Boy's 26 arterial narrowings fixed in one fell swoop

Cardiothoracic surgeon Frank Hanley corrected more than two dozen pulmonary artery narrowings in a 6-year-old patient during one marathon surgery.

- By Diana Walsh

Frank Hanley spent eight hours surgically repairing the heart of 6-year-old Jordan Ervin. The boy's mother, Seville Spearman, says the future is now brighter for her whole family.
Norbert von der Groeben

The first five years of life for Jordan Ervin were an endless cycle of illnesses and medical appointments, from Illinois all the way to California. He’d been poked, prodded, X-rayed and scanned, and even had his chest cut open, but none of it knocked the perpetual smile off his face.

“Jordan is such a champ,’’ said his mother, Seville Spearman, of DeKalb, Illinois. “He’s always been just a really happy kid.”

Happy then, but even happier now. That’s because years of incorrect diagnoses and treatments are now over.

Jordan’s path to recovery started when, just before his fifth birthday, in 2013, a developmental pediatrician put together all of Jordan’s problems and diagnosed him with Williams syndrome, a rare chromosomal disorder that affects just 1 in 10,000 people worldwide.

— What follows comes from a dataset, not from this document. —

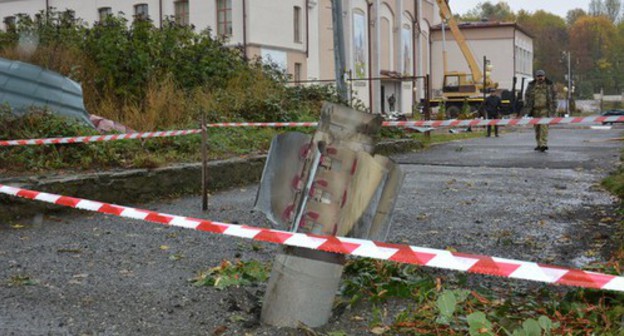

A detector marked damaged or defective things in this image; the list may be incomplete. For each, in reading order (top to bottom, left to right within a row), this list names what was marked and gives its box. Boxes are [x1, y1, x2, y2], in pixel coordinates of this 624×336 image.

damaged metal casing [255, 102, 404, 242]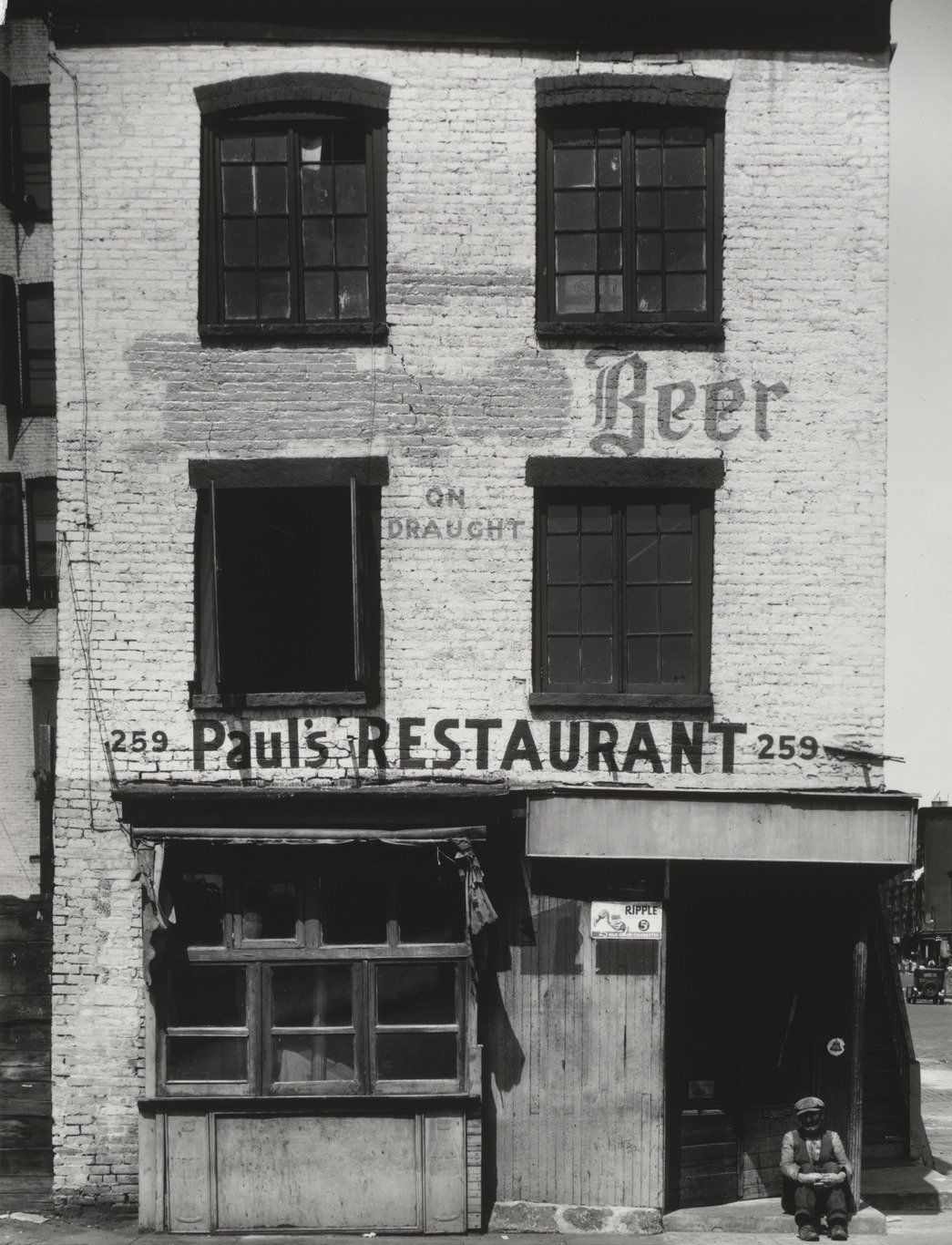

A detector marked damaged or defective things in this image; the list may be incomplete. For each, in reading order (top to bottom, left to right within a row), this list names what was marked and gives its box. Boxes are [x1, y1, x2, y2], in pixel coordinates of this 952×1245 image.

The disease brings a host of medical issues, including learning disabilities and severe heart defects. But there’s a silver lining: Individuals diagnosed with the rare disease also tend to be gregarious and extremely social.

Sounds like Jordan

“Jordan’s personality made the process easier to deal with,” Spearman said. “He never fretted about going to doctor appointments. He was always excited about getting to see the nurses, the woman at the front desk and everyone else in the waiting room.”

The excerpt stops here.